MAPMAKER/EXP Tutorial/Reference Manual 3.0


Automatically Finding a Map Orders

Having divided our data set into chromosomes, we can now determine the likely map for each of those chromosomes. However, because of the quantity of data to manage, we will not try to do this using the manual mapping commands presented earlier (such as "try" and "compare"). As you will see, these functions may be performed in a more automated fashion using simple MAPMAKER commands.

First, we use the "sequence" command to select a particular chromosome for analysis. While again we could type the names of all the loci on that chromosome, MAPMAKER allows us to type the chromosome name alone as a convenient shortcut. For illustrative purposes, we select the set of markers assigned to chromosome 10.

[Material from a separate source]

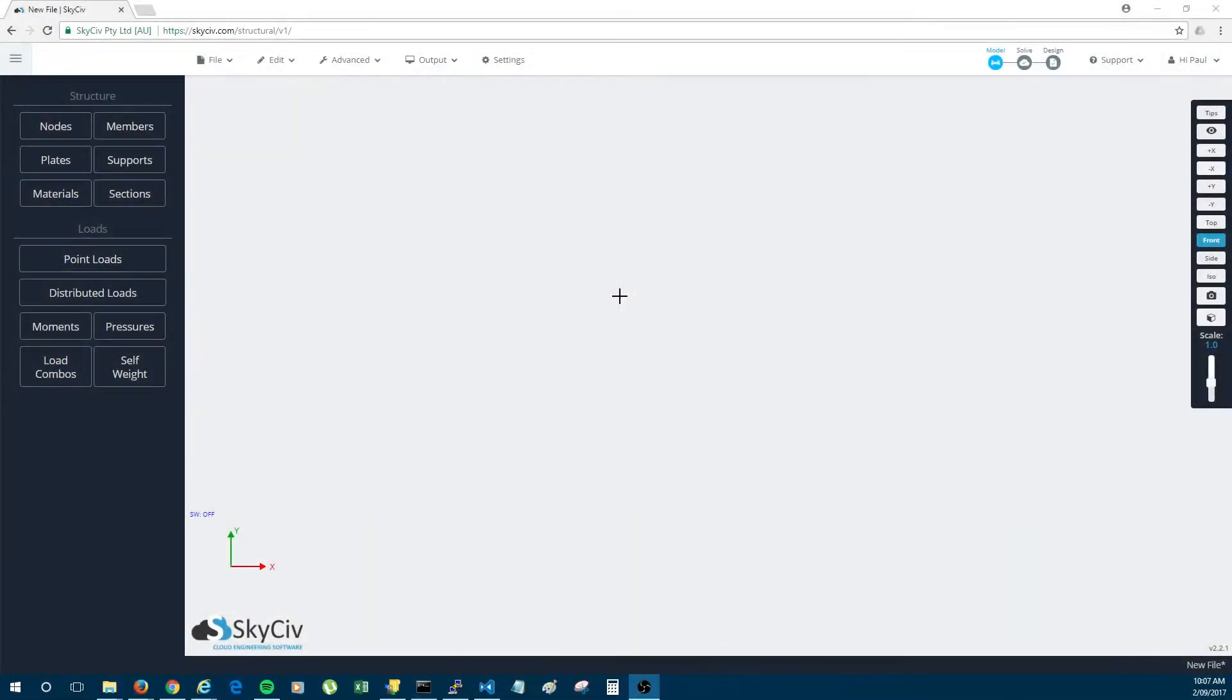Hi everyone. Today I'm going to demonstrate how you can model continuous members in SkySift Structural 3D. So if you didn't know already, SkySift Structural 3D is a cloud-based structural analysis and design software.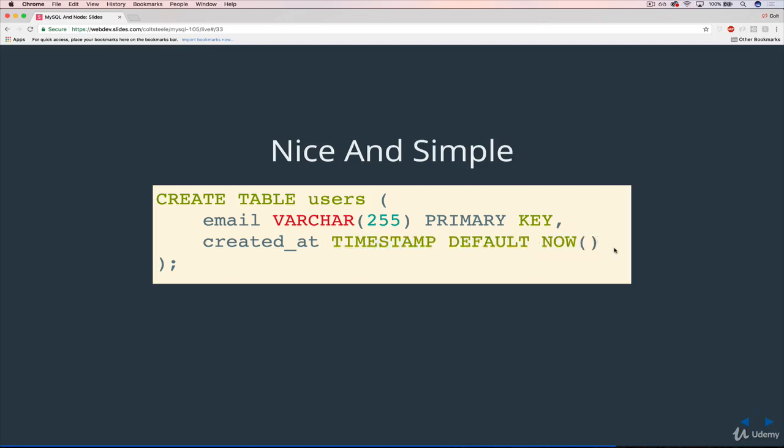Then we're setting the default value to be now, so that when someone signs up it will automatically be filled in as the current time. But don't forget, when we're working with Faker, we are going to insert like 500 users into this table, and we are going to provide a created_at time so that we don't get 500 users with the exact same time. So we want this default value to be there, but we'll also be able to override it manually if we want to.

Next, we use the "three point" command to pre-compute the likelihoods of all three-point crosses for this chromosome We do not have to do this step to proceed, although three-point analysis provides a powerful way to speed up the steps we perform below. Here's how it works:

We would like our mapping analyses to consider as many orders of any group as possible. However, most of these orders are very unlikely, given the observed data, and are simply not worth wasting computer time on. In MAPMAKER/EXP 3.0, three-point analysis simply excludes the majority of these "ridiculous" orders from consideration, allowing MAPMAKER to spend time carefully examining only those orders reasonably consistent with the observed data.

When you type the "three-point" command, MAPMAKER first finds every linked triple of markers in the current sequence. For each triple, MAPMAKER computes the most likely map distances and likelihoods for all 3 possible orders. For each order, MAPMAKER displays the 'relative log-likelihood' of that order as compared to the most likely (or best) order of the triple. As before, the most likely order of the three is has a relative log-likelihood of 0.0, while the others have negative relative log-likelihoods.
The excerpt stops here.